GOV.UK - Family Law Resources

The shiny new GOV.UK website launched today, replacing the old Directgov and Business Link sites. I have had a brief look at it and thought it might be useful to set out some of the family law-related resources that it contains.

Before I begin, however, I have to report that in some places the site commits the heinous crime of referring to 'register offices' as 'registry offices'. I trust that this grave error will be corrected, and that the person or persons responsible will be dealt with with the utmost severity.

Whilst I have obviously not looked at it all, the site clearly contains a lot of information, on a large number of subjects. Its navigation, however, leaves something to be desired. There are headings on the home page, which in turn lead to pages with sub-headings. Thereafter, however, you are on your own, presented with a list of topics to scroll down. The list is (mostly) in alphabetic order, but that is not particularly helpful, as the first word in each topic heading is not necessarily a 'key' word for that topic. It appears that the thinking may be that most users should (or will) use the search function, at the top of every page, and this may be the quickest way to find what you want.

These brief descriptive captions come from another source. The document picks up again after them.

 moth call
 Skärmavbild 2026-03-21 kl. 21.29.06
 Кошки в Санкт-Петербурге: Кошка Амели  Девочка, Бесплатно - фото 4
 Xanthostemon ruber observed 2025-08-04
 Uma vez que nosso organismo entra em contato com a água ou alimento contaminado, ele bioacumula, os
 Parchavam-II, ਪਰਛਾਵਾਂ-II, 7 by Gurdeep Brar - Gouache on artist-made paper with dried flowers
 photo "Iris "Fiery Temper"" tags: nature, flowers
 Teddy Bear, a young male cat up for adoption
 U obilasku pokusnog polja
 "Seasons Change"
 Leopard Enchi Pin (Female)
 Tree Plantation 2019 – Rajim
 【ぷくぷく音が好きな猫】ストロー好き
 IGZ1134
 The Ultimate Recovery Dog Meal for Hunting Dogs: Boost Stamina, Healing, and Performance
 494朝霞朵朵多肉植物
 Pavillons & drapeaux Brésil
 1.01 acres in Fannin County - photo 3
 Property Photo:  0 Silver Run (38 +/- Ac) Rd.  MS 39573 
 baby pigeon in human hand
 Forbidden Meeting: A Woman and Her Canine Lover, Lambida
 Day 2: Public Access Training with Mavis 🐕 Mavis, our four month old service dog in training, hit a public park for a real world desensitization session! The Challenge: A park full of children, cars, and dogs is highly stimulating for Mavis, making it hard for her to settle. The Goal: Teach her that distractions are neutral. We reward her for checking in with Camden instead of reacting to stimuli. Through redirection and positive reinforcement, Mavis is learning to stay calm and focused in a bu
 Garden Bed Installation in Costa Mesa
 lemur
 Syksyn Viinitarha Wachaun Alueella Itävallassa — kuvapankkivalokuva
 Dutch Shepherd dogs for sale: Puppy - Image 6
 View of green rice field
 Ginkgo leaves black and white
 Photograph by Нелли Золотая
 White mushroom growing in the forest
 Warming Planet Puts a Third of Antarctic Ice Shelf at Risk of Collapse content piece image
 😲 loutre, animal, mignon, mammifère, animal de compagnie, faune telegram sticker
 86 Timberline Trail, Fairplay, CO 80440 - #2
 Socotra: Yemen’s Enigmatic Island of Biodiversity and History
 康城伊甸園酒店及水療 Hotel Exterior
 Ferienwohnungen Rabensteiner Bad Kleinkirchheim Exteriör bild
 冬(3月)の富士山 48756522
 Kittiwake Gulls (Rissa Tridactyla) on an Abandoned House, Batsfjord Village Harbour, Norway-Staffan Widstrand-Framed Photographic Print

Most of the family law-related resources come under the main heading 'Births, deaths, marriages and care', which includes sections on 'Having a child and adoption' and 'Marriage, civil partnership and divorce'.

Family law-related topics in the first of these include Parental rights and responsibilities, Adding a father's name to a birth certificate, Child adoption and several sections on Child maintenance (which will obviously have to be updated shortly when the new scheme is introduced - it will be interesting to see how well the site is kept up-to-date).

Family law-related topics in the marriage, civil partnerships and divorce section include (apart from links to topics mentioned above): Get a divorce, Money and property when a relationship ends, Contact with grandchildren and Divorcing a missing husband or wife.

Elsewhere on the site there is other information that could also be relevant to family breakdown, including Housing and local services, Benefits and Court fees.

Lastly, note that I have not read all of the contents of the various topics mentioned above, so cannot vouch for their accuracy or usefulness. From what I have read, however, it seems that some topics may be somewhat limited in their detail. For example, the section on getting a legal separation makes no mention of separation agreements, which are obviously far more common than judicial separations. As always with advice sites, the difficulty is as much to do with what to leave out, as what to put in.